What are the statistics on this? There are about 500k professors in the US, and they make up about 1/3 of college teachers. Also, most academics would object to this situation, so it's not apparently OK. There's a growing movement towards open-sourcing textbooks or replacing them with other kinds of online materials.
Don't get me wrong, I think that college education is due for reform.
There are examples of finding better ways to do it. My son's textbook costs were very low. The regional state university that he attended had some kind of thing where you rented your textbooks and turned them back in, often with a nominal or zero fee.
One professor at my poorly subsidized state uni who had a book he required for class was $180 or so. He had enough (spiral bound Xeroxed) copies in the library for everyone to borrow for the semester. Or you could buy a shiny new one from the bookstore or online at full fare. Another gave the classes copies of the chapters.

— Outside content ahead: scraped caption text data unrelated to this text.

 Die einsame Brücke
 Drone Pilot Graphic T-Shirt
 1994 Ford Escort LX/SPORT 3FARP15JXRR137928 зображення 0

For an advanced course that is how the economics works out. They are expensive to produce and have limited demand, and typically only for a few years until they are replaced.
Yes, but this is intentional, and that's what's out of line. The main content stays the same but exercises and case studies are rotated out to force an upgrade.
The business strategy class I took in college in Ireland used the same book for two or three years, even though the book was reshuffled every year, just to enable some spreading of the financial burden on students.
At least in some fields, advanced courses are the most likely to have lower cost textbooks. Real analysis textbooks are usually cheaper than calculus textbooks. It's the introductory courses that tend to have $200 behemoths attached to online homework platforms optimized for ease of grading rather than student learning.
I love Anna but it's also a poor school that doesn't have its own library that has at least a few copies of every textbook used by classes + inter-library loans. Can be a nice way to make friends by sharing a physical book to study and do exercises from in a shared workspace.
As an educator I always make a point to give the resources to the students and or give avenues to it that are not paywalled.
Knowledge is the only resource that only becomes greater the more is shared because people share back what they learned. Mind you this only works if people are paying it forward. But often the educator gets more from teaching than the student does.
In any other industry they call this corruption, but in academia it’s apparently ok.